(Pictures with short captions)
* * * * * * * * *

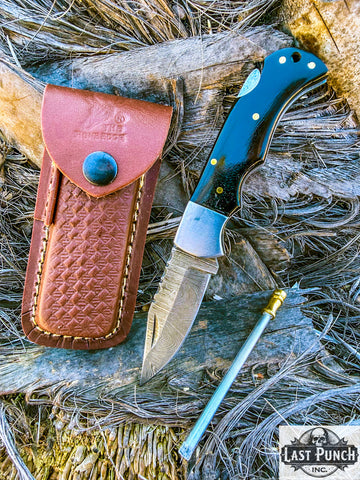  6.5" Damascus Steel Folding Knife Black Resin Handle Steel Bolster & Carry Pouch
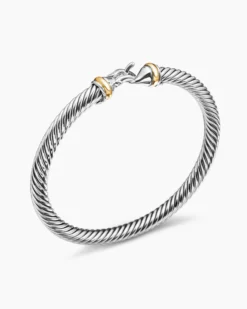Buckle Classic Cable Bracelet Sterling Silver with 18K Yellow Gold, 5mm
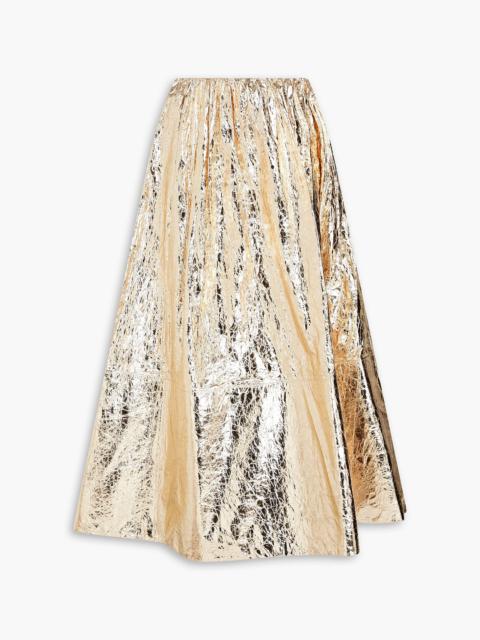 Zimmermann Crinkled metallic vinyl maxi skirt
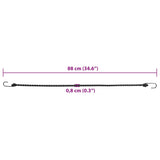 Bungee Cords with Reflective Strips and Hooks 50 pcs 88 cm 4008153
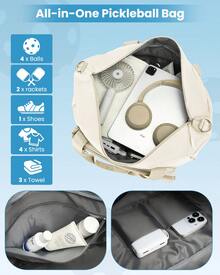 SOMAGO Pickleball Bag Gym Bag With Shoe Compartment Pickleball Tote Bags For Women Men Duffle Bag With Paddle Compartment Travel Sports Weekender Bag - Beige - View 7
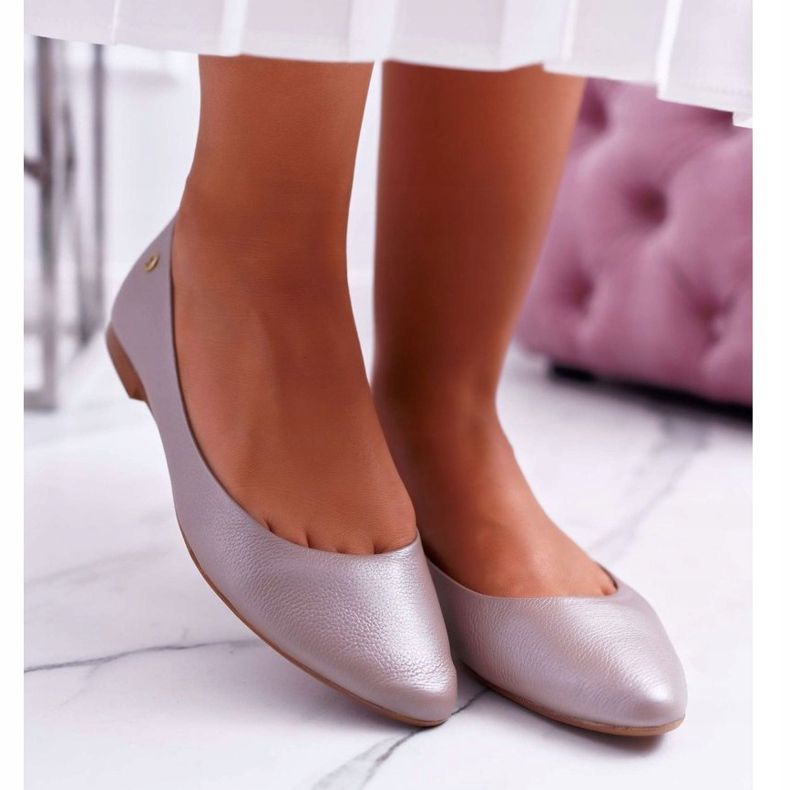 Kvinnors Ballerinor Maciejka Läder Beige 04100 2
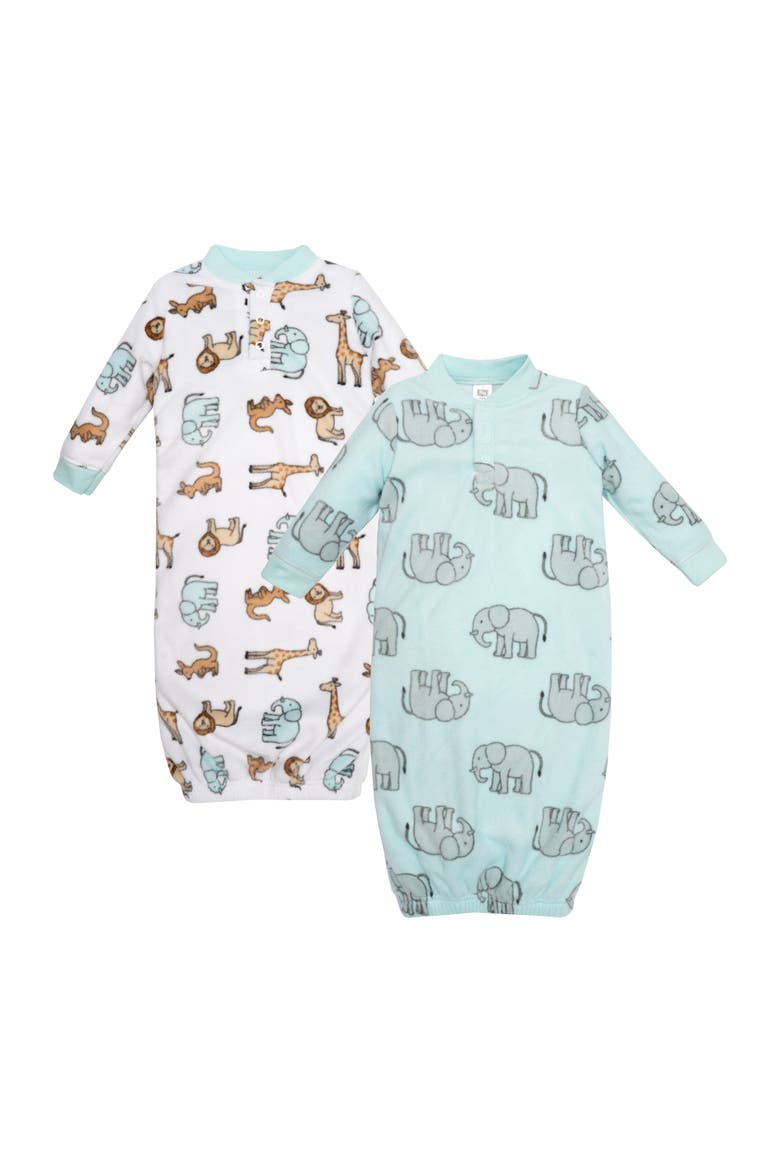 Fleece Gowns 2Pack, Main, color, Cute Safari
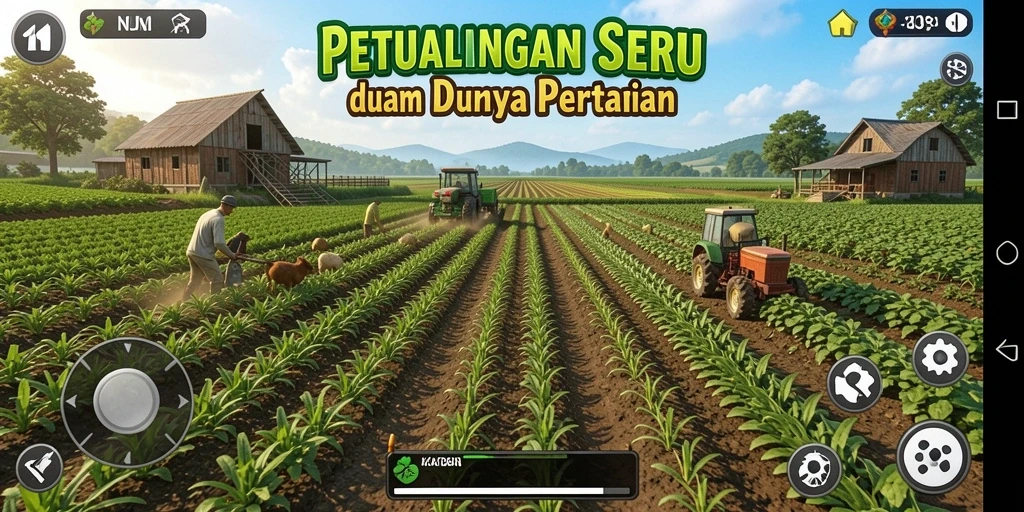 Tangkapan layar gameplay KAGANDAN menunjukkan petani sedang merawat tanaman.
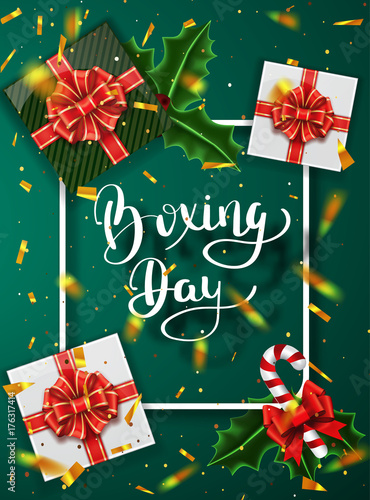 Boxing day banner design. Lettering calligraphy. New Year holidays, traditions. Gift boxes top view. Festive Christmas vector illustration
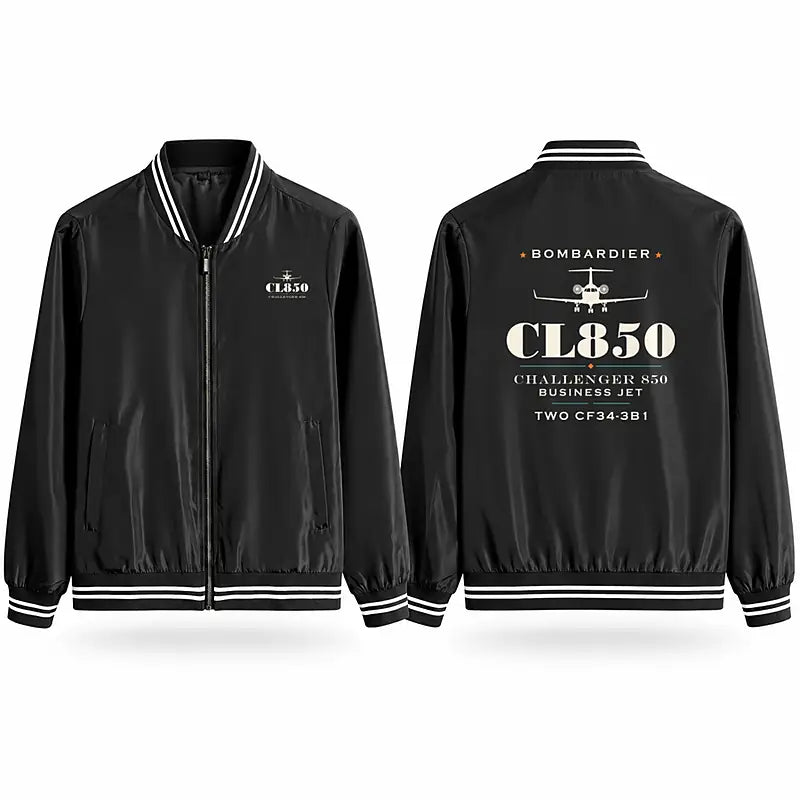 Bombardier Challenger 850 Stylish Jackets - Baseball Collar - Heritage - Black
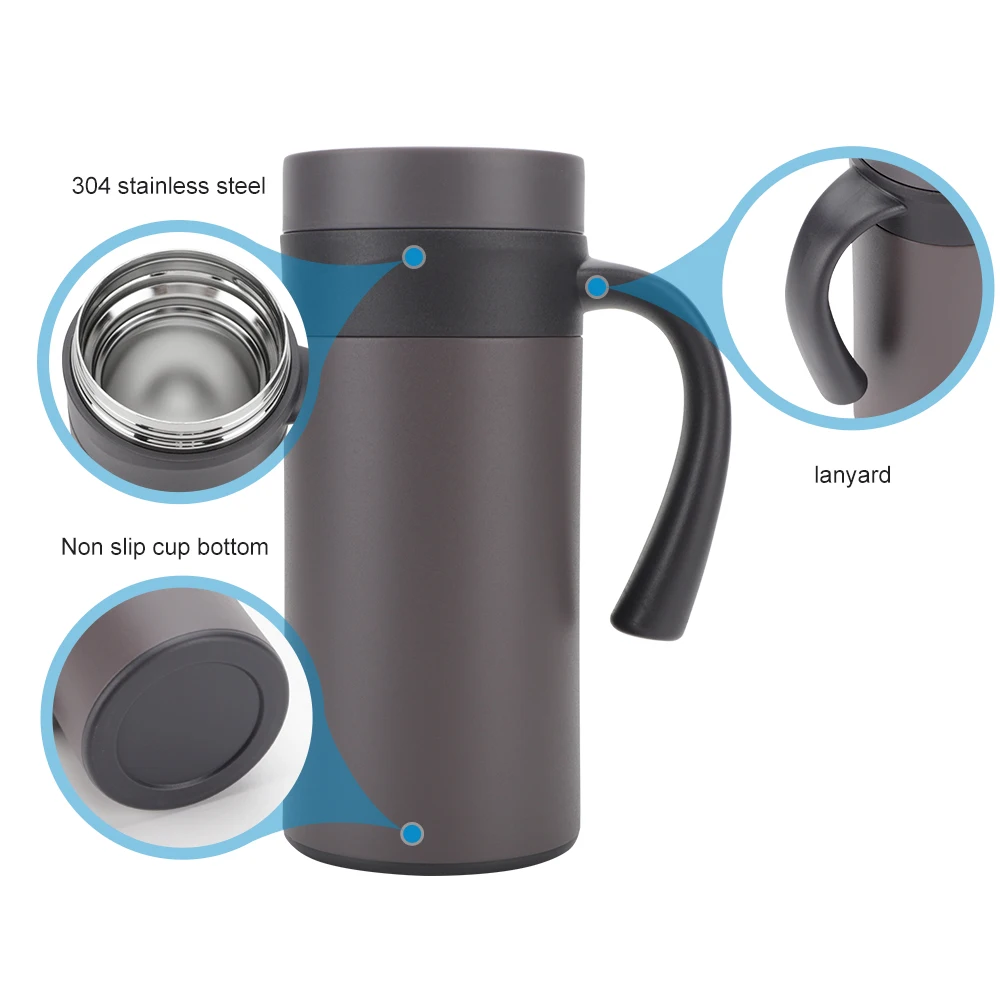 Customizable Logo 15oz Coffee Tumbler with Handle Double Wall Vacuum Metal Cup Promotion Custom Stainless Steel Beer Mug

* * * * * * * * *

_EXERCISE DIRECTIONS_
Give every entry back unchanged, with no pictures.

_RESPONSE TO THIS TASK_
  6.5" Damascus Steel Folding Knife Black Resin Handle Steel Bolster & Carry Pouch
Buckle Classic Cable Bracelet Sterling Silver with 18K Yellow Gold, 5mm
 Zimmermann Crinkled metallic vinyl maxi skirt
 Bungee Cords with Reflective Strips and Hooks 50 pcs 88 cm 4008153
 SOMAGO Pickleball Bag Gym Bag With Shoe Compartment Pickleball Tote Bags For Women Men Duffle Bag With Paddle Compartment Travel Sports Weekender Bag - Beige - View 7
 Kvinnors Ballerinor Maciejka Läder Beige 04100 2
 Fleece Gowns 2Pack, Main, color, Cute Safari
 Tangkapan layar gameplay KAGANDAN menunjukkan petani sedang merawat tanaman.
 Boxing day banner design. Lettering calligraphy. New Year holidays, traditions. Gift boxes top view. Festive Christmas vector illustration
 Bombardier Challenger 850 Stylish Jackets - Baseball Collar - Heritage - Black
 Customizable Logo 15oz Coffee Tumbler with Handle Double Wall Vacuum Metal Cup Promotion Custom Stainless Steel Beer Mug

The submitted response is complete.